*What to do:*
Give the listing again character for character, but drop the images.

═══ Data below

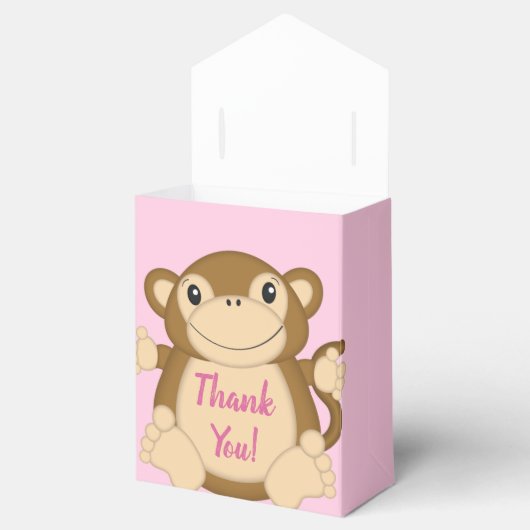 Monkey Baby shower Roze Bedankdoosjes (Geopend)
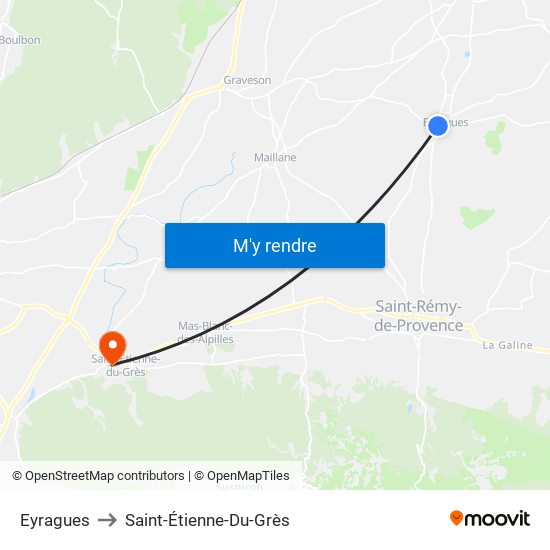 Eyragues to Saint-Étienne-Du-Grès map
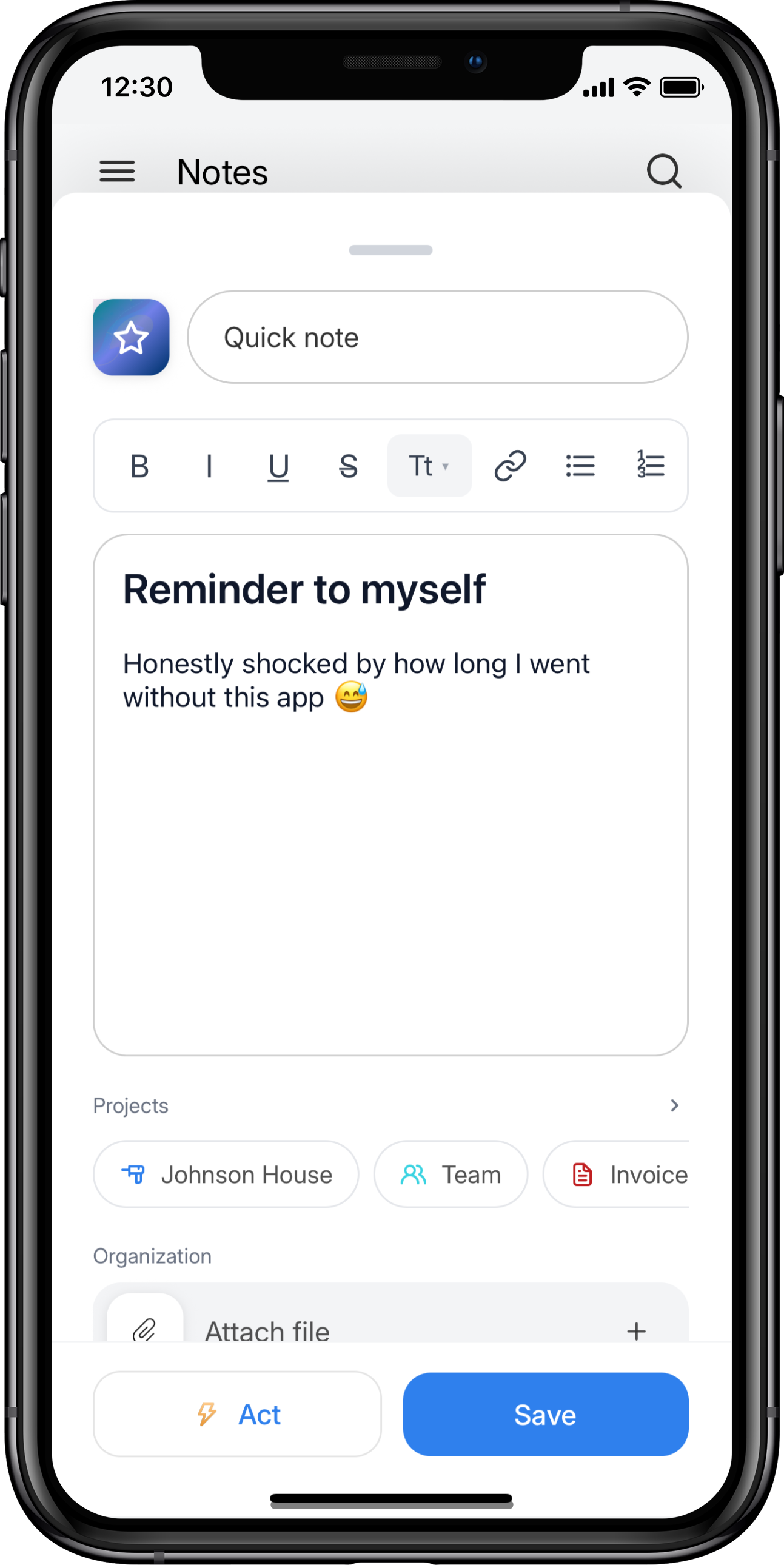 Notes editor with formatting options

══════

*Solution for this exercise:*
 Monkey Baby shower Roze Bedankdoosjes (Geopend)
 Eyragues to Saint-Étienne-Du-Grès map
 Notes editor with formatting options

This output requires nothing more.